PRA NÃO DIZER QUE NÃO FALEI DE ESPINHOS
Por João Helio e Isabella

Pais amam seus filhos e têm como dogma de fé que filhos enterram pais, nunca o contrário. Esta é a lei natural da vida e afetivamente correta. Igual aos normais, tenho tanto amor pelos meus que vivo em sobressaltos, seja por seus futuros, como por suas dores ou por meros resfriados. Espirro em suas gripes, contorço-me em suas cólicas e sou a lágrima mais sentida em suas frustrações..
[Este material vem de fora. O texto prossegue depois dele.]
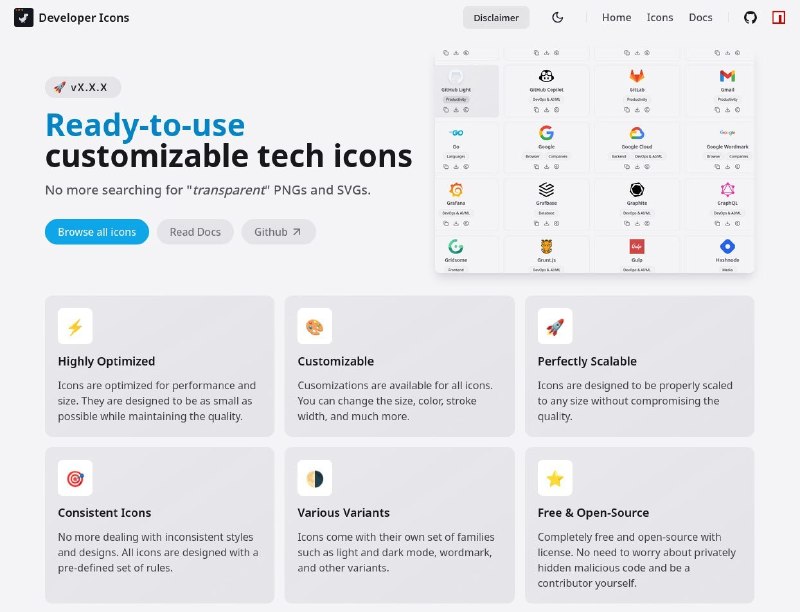 🍭 #开源图标 #开发素材 #SVG设计🏵 Developer-icons - 开发者专属SVG图标库🍥 简介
Quando morreu João Hélio (lembram dele?) aos cinco anos, da forma violenta e estúpida, arrastado por bandidos em fuga, a TV, a cada noticioso tratava de me arrastar por alguns quilômetros grudado ao cinto de segurança. Mórbidos, especializaram-se em tripudiar com os horrores nossos de cada dia, fiéis à cartilha jornalística que ensina ser noticia o avião que cai nunca o que decola. Ou o carteiro que morde cachorro ao invés do naturalmente aposto. Imaginem que manchete fantástica: pneu de carro mija no vira-lata!

João Hélio morreu. Seus algozes viverão o tempo de vida dos que matam, entre prisões, fugas e outras mortes, e se esfumarão na bruma cruel das cidades. No fim, todos serão mera estatística. Não para os pais que amarão suas lembranças, se puderem terão outros filhos, criarão alguma ONG. Não tirarão, entretanto, jamais de suas memórias o que foram os poucos e inocentes anos vividos com seus pequenos. Não sei o que é e como pode ser. Não sobreviveria a isso e talvez ficasse de mal com o Criador caso soubesse.
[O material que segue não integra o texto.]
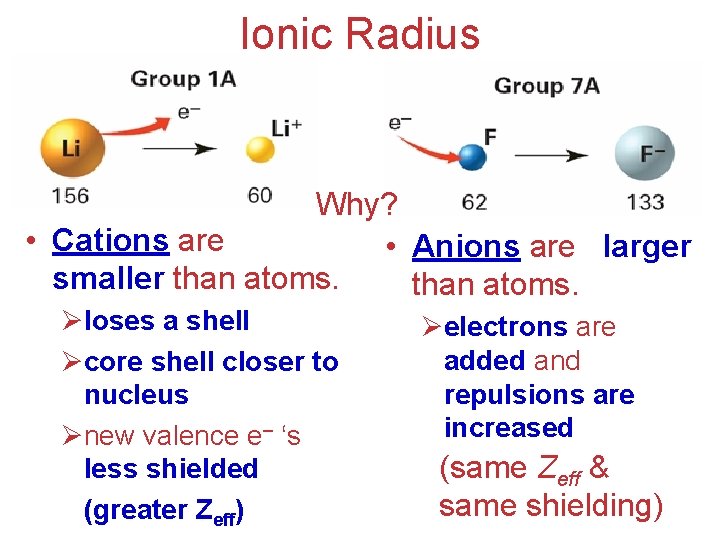 Ionic Radius Why? • Cations are • Anions are larger smaller than atoms. Øloses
Já Isabella teve morte ainda mais trágica. Morreu na casa que confiava e talvez em braços e por mãos que amava.

A TV tem me atirado diariamente do sexto andar e eu me espatifo no chão a cada final de noticioso. Mas da depressão que causam os telejornais e suas permanentemente trágicas edições retiro algo de útil. É preciso massacrar, sim, o telespectador. É preciso que todos vejam, se enojem e reprimam atos hostis contra seres indefesos. Pode ser que desta tortura visual as bestas feras criadas nos nossos subconscientes sejam domesticadas. Mas não culpemos os dias atuais pela selvageria humana. A violência não é moderna, é do homem. A exposição maciça sim é moderna. Pouco sabemos do que somos em virtual perigo. O velho Portella tinha uma frase emblemática sobre a reação dos tido como frágeis: “nunca encurrala um covarde. Tu não sabes como ele vai reagir”. O ser humano encurralado virá grande, forte, corajoso na sua covardia e mau. Mesmo que em risco apenas de sua área de conforto.

Tudo indica que a menina Isabella tenha sido assassinada pelo próprio pai a fim de livrar-se do pequeno corpo agredido pela mulher. Nada pode ser mais cruel. Mãos que um dia acarinharam transformadas em mãos que esganaram até a morte, crispadas de mesquinharia, covardia e ódio.

Daqui a pouco falaremos sobre pena de morte, mas neste caso eu pergunto: o que pode ser pior? Viver com esta marca até os cem anos sendo judiados minuto a minuto pela vida, pelo remorso, arrependimento e os olhos inquisidores da sociedade, ou apaga-la imediatamente com uma injeção letal? Pena de vida sim, para monstros com esta capacidade, embora eu viva dizendo sim para pena de morte às reincidências hediondas que vão e voltam das cadeias sacrificando vidas, patrimônios e dignidades, sendo custeadas pelas vítimas.